M : Évidemment, il n'y a pas de différence. Le réel perçoit le réel dans l'irréel. C'est le mental qui crée l'irréel et c'est lui qui perçoit le faux comme tel.

Q : J'ai compris que l'expérience du réel suivait la perception du faux comme faux.

M : On n'expérimente pas le réel. Il transcende l'expérience. Toute expérience se situe dans le mental. Vous connaissez le réel en étant réel.

Q : Si le réel est au-delà des mots et du mental, pourquoi en parler tellement ?

M : Pour la joie de le faire, bien sûr. Le réel est la béatitude suprême. Même en parler, c'est le bonheur.

Q : Je vous entends parler de l'inébranlable et de la félicité. Qu'avez-vous dans le mental quand vous employez ces mots ?

M : Il n'y a rien dans le mental. J'entends les mots comme vous les entendez. La puissance qui fait que chaque chose arrive les fait aussi arriver.

Q : Mais c'est vous qui parlez, pas moi.

M : C'est ce qu'il vous apparaît. De mon point de vue, c'est deux « corps-mentaux » qui échangent des bruits symboliques. En réalité, rien n'arrive.

Q : Monsieur, écoutez-moi. Je m'approche de vous parce que je suis troublé. Je suis une pauvre âme perdue dans un monde que je ne comprends pas. J'ai peur de Mère Nature qui veut que je croisse, que je procrée et que je meure. Quand je lui demande quel en est le sens et le but, elle se tait. Je suis venu vous voir parce qu'on m'a dit que vous étiez affable et sage. Vous dites du changeant qu'il est faux et transitoire, cela je le comprends. Mais quand vous parlez de l'immuable, je ne vous suis plus. « Pas ceci, pas cela, au-delà de la connaissance, d'aucune utilité » ; pourquoi parler de tout cela ? Est-ce que cela existe ou n'est-ce qu'un concept, un contraire verbal du changement ?

M : Cela existe, cela seul existe.

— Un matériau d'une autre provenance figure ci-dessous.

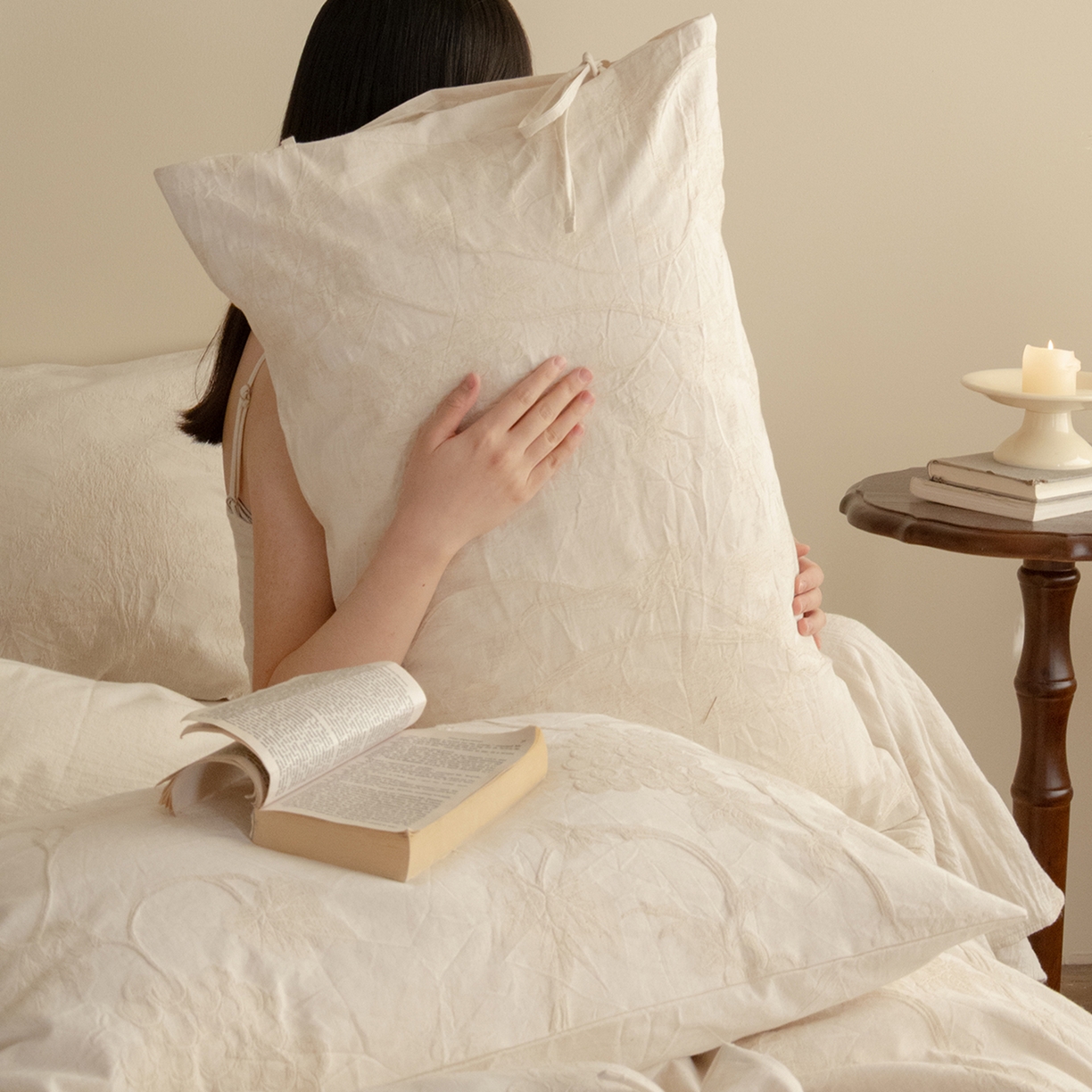 91家纺网 家纺一手货源 找家纺 极简 2026新款全棉亚麻浮雕提花四件套（控价：小号195标准295加大313） 素秋叶韵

Mais dans votre état actuel cela ne peut vous être d'aucun secours, comme ne peut vous être d'aucun secours le verre d'eau, sur votre table de nuit, quand vous rêvez que vous mourez de soif dans le désert. Quel que soit votre rêve, j'essaie de vous réveiller.

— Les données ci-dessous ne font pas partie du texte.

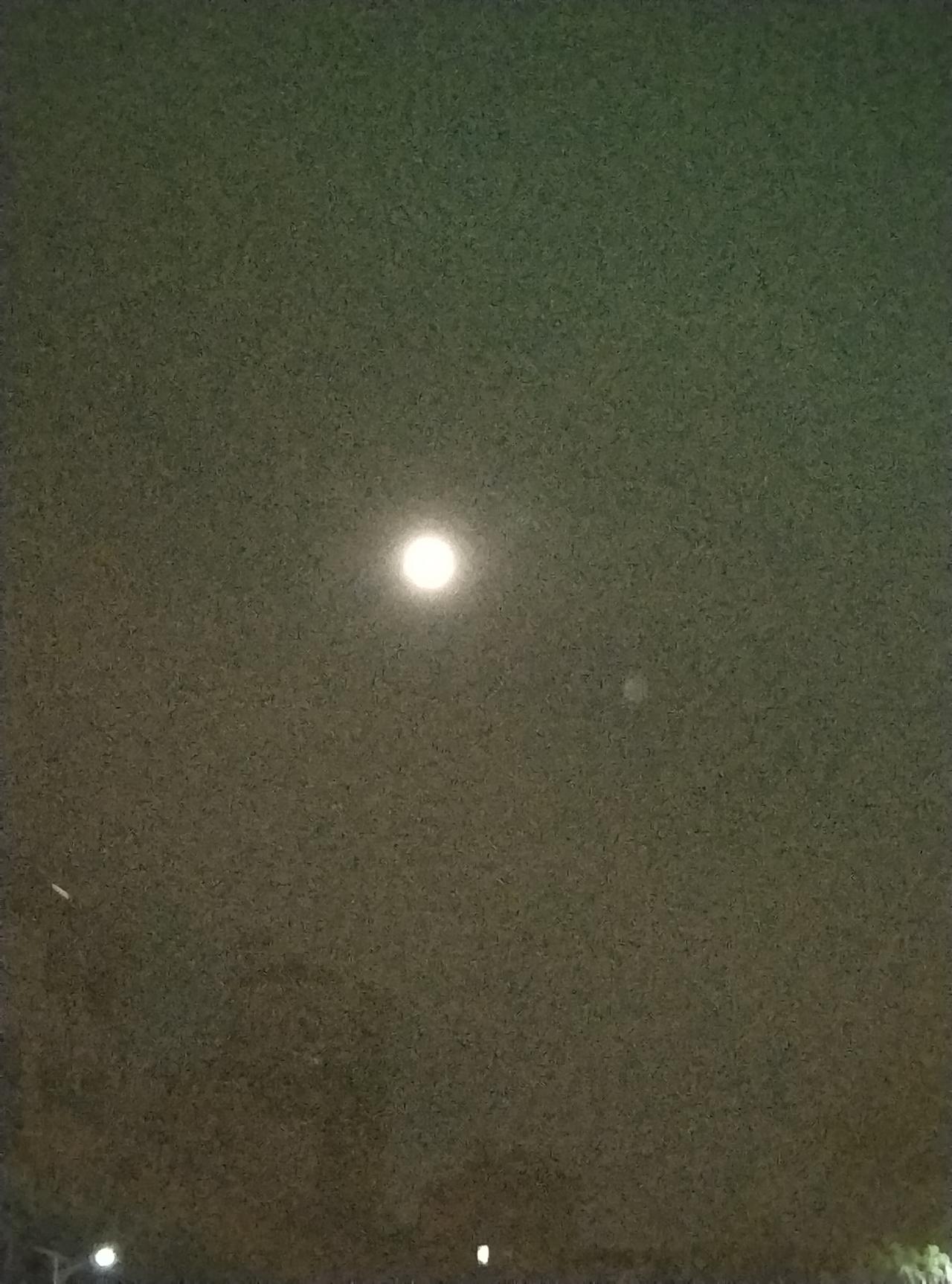我删掉了所有的同学群，小学的,初中的,高中的，没有删大学的(社会大学)。
为什么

Q : Je vous en prie, ne me dites pas que je dors et que je vais bientôt me réveiller. J'aimerais qu'il en soit ainsi. Mais je suis éveillé, et je suis dans la peine. Vous parlez d'un état d'où toute peine est exclue, mais vous ajoutez que je ne peux pas l'atteindre dans ma condition présente. Je me sens perdu.

M : Ne vous sentez pas perdu. Je dis simplement que pour trouver l'immuabilité et la béatitude, il faut que vous rejetiez vos attachements à ce qui change et qui est douloureux. Vous êtes préoccupé par votre propre bonheur et je vous affirme qu'il n'existe rien de tel. Le bonheur n'est jamais le vôtre, il est où le « moi » n'est pas. Je ne dis pas qu'il est hors de votre portée, mais il faut que vous alliez au-delà de vous-même, là où vous le trouverez.

Q : Si je dois aller au-delà de moi-même, pourquoi ai-je eu tout d'abord cette idée du « je suis » ?

M : Le mental a besoin d'un centre pour dessiner une circonférence. Celle-ci peut s'agrandir, et avec chaque accroissement, il y aura une évolution dans le sentiment du « je suis ». L'homme qui se prend lui-même en charge, le yogi, tracera une spirale, mais le centre demeurera, aussi vaste que devienne la spirale. Il vient un temps où l'on voit la fausseté de toute cette entreprise et où on y renonce. Le point central n'existe plus et l'univers entier devient le centre.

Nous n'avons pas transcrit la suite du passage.